The first search algorithm tested was a simple string search. It scanned through the catalogue of token strings and reported the name of each entry that contained the supplied search string. This search was tested with a fixed interval of one second and no overlap and the number of sections set to ten and twenty-five. The test set used a set of random substrings from each recording used to build the catalogue, and as such was heavily biased towards success. Despite this, the best results obtained were a 20% success rate in classification. This was likely due to the lack of synchronization between the segments of vocalization used to create the catalogue and those used to test it, as illustrated in the following figure. This figure shows the effect of offsetting the starting time of a sample by a fraction of an interval. This effect means that the character representation of any signal is not unique to that vocalization.

In order to resolve the issues discovered in the first search, a new search algorithm was developed. This search not only searched on the supplied search string, but also searched on every substring longer that one character within that string. Whenever a match for a certain catalogue entry was found, the length of the string that was matched was added to the total for that specific catalogue entry. When the search was complete, the algorithm returned a list of weights for each entry in the catalogue. The entry with the largest weight was considered the best match and the search string was classified as belonging to the corresponding bird species. Testing of this new search was conducted with a range of data sets created using each combination of the following variables: overlap set to 0%, 50% or 85%, interval set to 1, 0.5 or 0.25 seconds and frequency sections set to ten or twenty-five sections. The results of a test run to classify House and Purple Finches are summarized in the following tables.

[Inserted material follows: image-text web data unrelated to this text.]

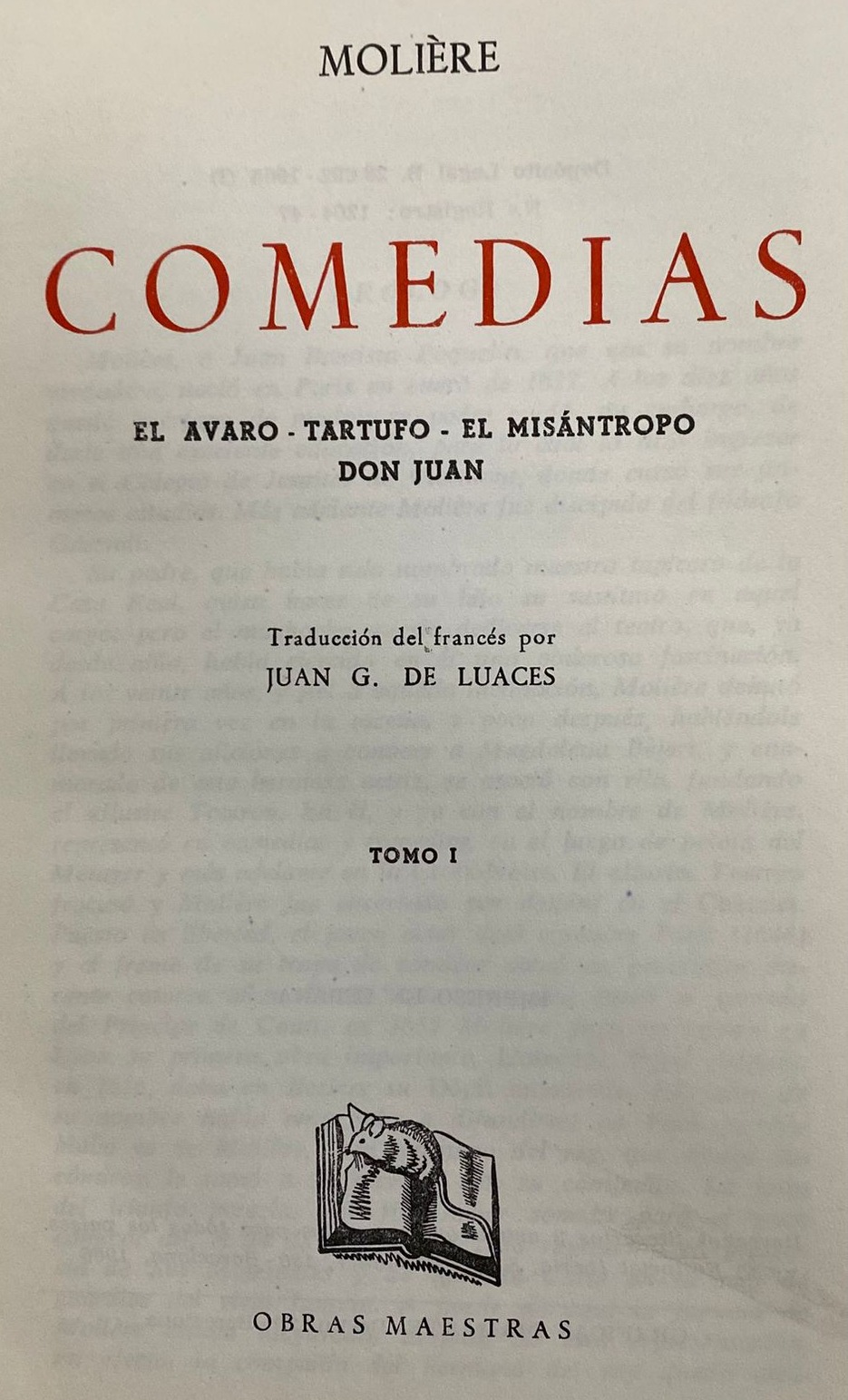 Comedias: El Avaro - Tartufo - El Misántropo y Don Juan Tomo I / Tapa Dura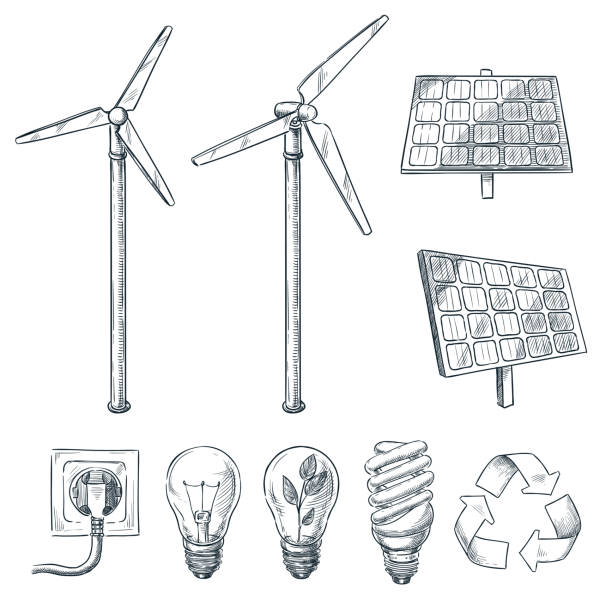 Lægge sammen Løb Uventet Alternative Eco And Renewable Energy Sources Vector Hand Drawn Sketch  Illustrations Wind Generator And Solar Battery Symbol Stock Illustration -  Download Image Now - iStock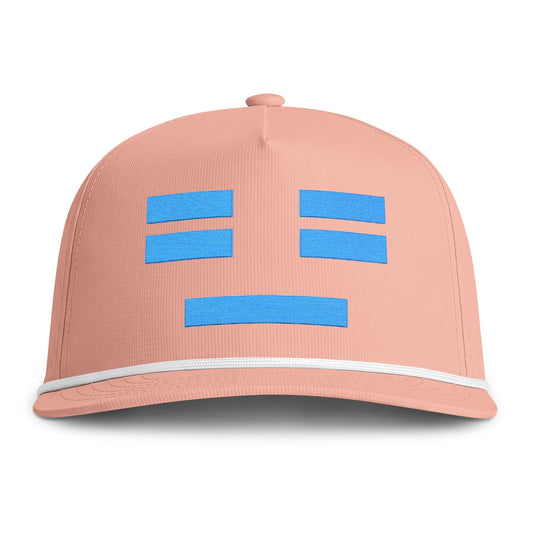 Image of a peach hat with an embroidered blue resting face icon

Percentage of Successful Token Searches using Ten Sections
Overlap (%) \ Interval(s) 1 0.5 0.25
0 0.5000 0.5000 0.5000
25 0.5000 0.5000 0.5000
50 0.5000 0.5000 0.5000
85 0.5000 0.5000 0.5526
 
Percentage of Successful Token Searches using Ten Sections
Overlap (%) \ Interval(s) 1 0.5 0.25
0 0.5625 0.6000 0.5400
25 0.6250 0.5400 0.5000
50 0.5833 0.5200 0.5400
85 0.5208 0.5000 0.4474

The best results obtained reached 62.5% successful classification. Considering that there were only two different classifications, these results are very poor. As a result of these tests, this approach to identification was abandoned.